If so, it’s time to lace up your figurative hiking boots. We’re about to embark on the expedition of a lifetime.

Readings & Reflections

Have you ever thought much about the idea of your soul hunger- ing and thirsting just like your body does? What do you think that looks like for you personally? How does this hunger manifest itself in your everyday life?

To read more about the feast the Lord can provide for our soul hunger, look up several of the verses referenced in this chapter. For instance, take some time to study 2 Nephi 9:50–51; Jacob 3:2; and Alma 5:34. Now add Proverbs 13:25; Enos 1:4; Alma 42:27; and 3 Nephi 12:6. What thoughts and impressions are you left with?
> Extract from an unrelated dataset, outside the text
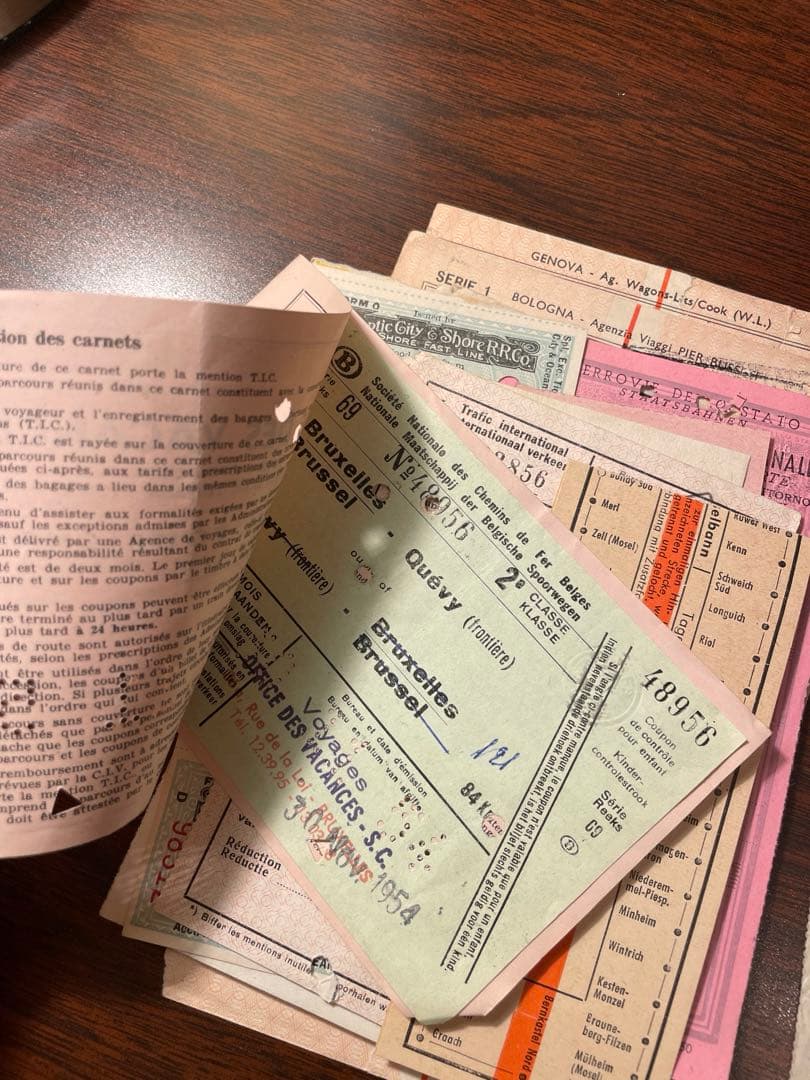 海外　鉄道チケット　ブルー、パープルカラー　20枚程　ヴィンテージ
Let’s return to Isaiah’s passage and make it more personal. As you read it again, notice the four areas pointed out in this chapter:

“Ho, every one that thirsteth, come ye to the waters, and he that hath no money; come ye, buy, and eat; yea, come, buy wine and milk without money and without price. Wherefore do ye spend money for that which is not bread? and your labour for that which satisfieth not? hearken diligently unto me, and eat ye that which is good, and let your soul delight itself in fatness” (Isaiah 55:1–2).

Now prayerfully evaluate the ways you’ve felt or experienced each of the areas the prophet mentioned. For instance:

  • When has your inner man felt thirsty?

  • When has your inner man felt bankrupt or destitute?

  • When have you spent money on that which couldn’t satisfy?

  • When have you poured your labor into something that didn’t bring lasting rewards?

Finally, how do you feel about the idea of “[letting] your soul delight itself in fatness”? It’s a feast of rich spiritual food for the soul. If you’re not sure if you’ve ever experienced such a thing, what do you imagine that would feel like? How would you want it to feel?



In what ways are you feeling prompted to respond to the concepts found in this chapter? It could be as simple as a journal entry or as significant as a deep personal conversation with a loved one. Simply ask yourself: what would help me continue to process these ideas and truly make them my own?